A very happy Birthday to you Dark Angel!


----------



## Hauntiholik (May 17, 2006)

Happy Birthday DA!


----------



## Joiseygal (Sep 3, 2008)

Happy B-Day DA! I hope you have a great year!!!


----------



## Spooky1 (Aug 25, 2008)

Happy Birthday, DA, you youngster!!!!!


----------



## Frighteners Entertainment (Jan 24, 2006)

Hope it is an AWESOME Birthday DAY!!


----------



## Evil Queen (Mar 8, 2008)




----------



## Johnny Thunder (Feb 24, 2006)

Happy bday!


----------



## Death's Door (Mar 22, 2006)

Happy Birthday to ya Dark Angel!!!!!


----------



## Howlinmadjack (Jul 20, 2009)

Happy Birthday!!


----------



## Otaku (Dec 3, 2004)

Happy B-Day, Dark Angel! August Leo's rule!!


----------



## scareme (Aug 29, 2006)

Happy Birthday to you!
Happy Birthday to you!
Happy Birthday dear Dark Angel!
Happy Birthday to you!


----------



## Up_Up_And_Away (Jul 19, 2008)

Have a wonderful day!!!


----------



## DarkLore (Jan 25, 2009)

Happy Birthday


----------



## shar (Jun 19, 2010)

Happy Birthday!!


----------



## morbidmike (Sep 11, 2009)

happy birthday to my friend


----------



## ELH Erin Loves Halloween (Feb 19, 2009)

Happy Happy Bday!


----------



## Devils Chariot (May 23, 2007)

Happy Birthday Dark Angel!


----------



## Dark Angel 27 (Sep 11, 2008)

Thanks everyone for the birthday wishes!

Spent the day with my older sister...starting with Starbucks to get the day off to the right start...then on to Dave And Busters (an arcade/restuarant/bar) and scored this for 500 tickets! 

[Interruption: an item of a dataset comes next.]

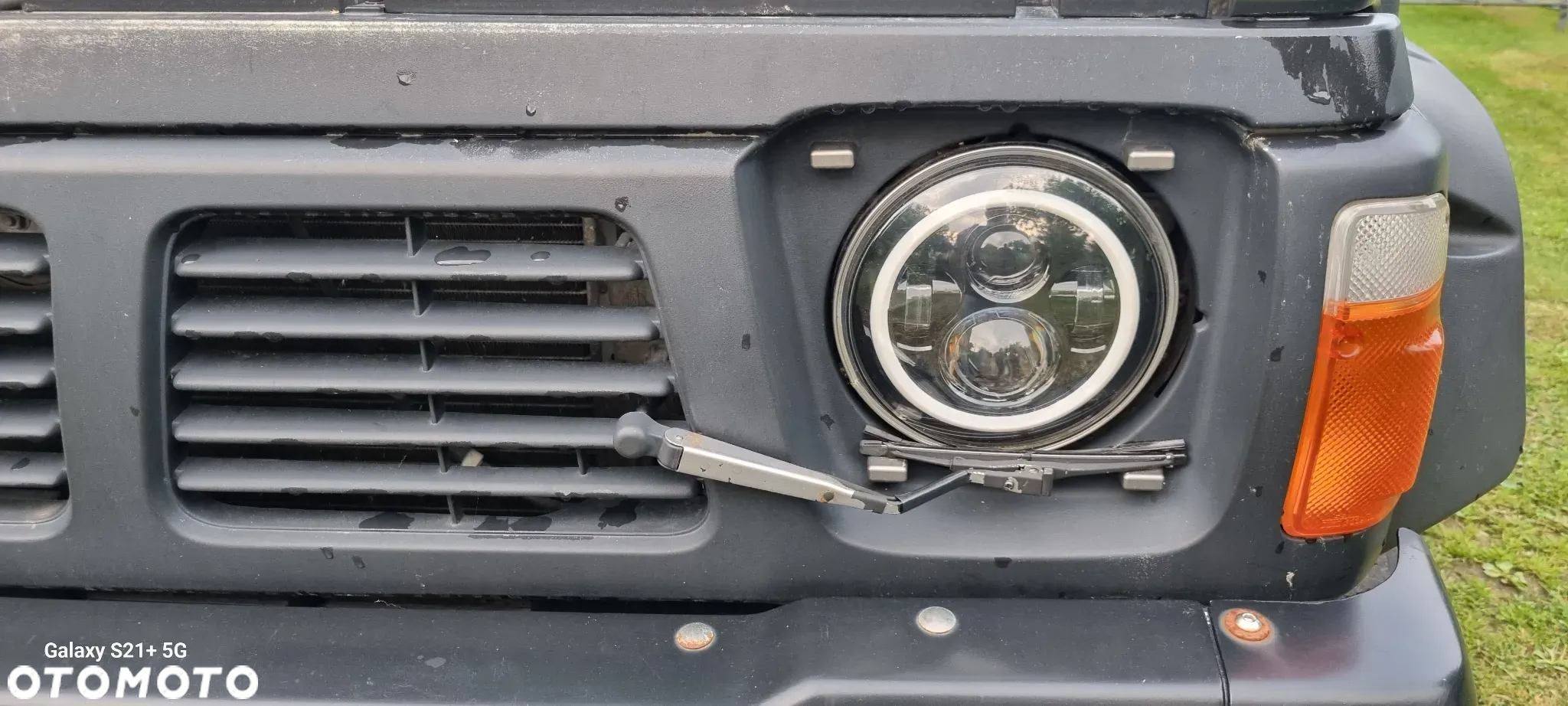 Nissan Patrol GR 2.8 TD SWB SLX - 10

After we were all gamed out, we headed out to check out the halloween place which won't open till Friday the 13th (it wouldn't be a halloween store unless it opened on that exact day right?)

the rest of the day was pretty uneventful...but we got a small cake and went home...the day was finished by eating said cake while watching Cyote Ugly. Lots of fun! much better then last year!


----------



## Goblin (Jun 3, 2009)




----------



## Adam I (Jun 16, 2007)

Happy Birthday !


----------



## Haunted Bayou (Feb 16, 2007)

Glad you had a fun birthday.


----------



## Dark Angel 27 (Sep 11, 2008)

thank you everybody!


----------